== ASSIGNMENT ==
From the first line to the last, transcribe the material exactly.

== DATASET CONTENT ==
========
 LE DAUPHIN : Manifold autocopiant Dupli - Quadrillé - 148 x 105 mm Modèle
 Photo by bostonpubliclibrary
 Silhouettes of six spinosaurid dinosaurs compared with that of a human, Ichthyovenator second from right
========
== REPLY TO THE TASK ==
 LE DAUPHIN : Manifold autocopiant Dupli - Quadrillé - 148 x 105 mm Modèle
 Photo by bostonpubliclibrary
 Silhouettes of six spinosaurid dinosaurs compared with that of a human, Ichthyovenator second from right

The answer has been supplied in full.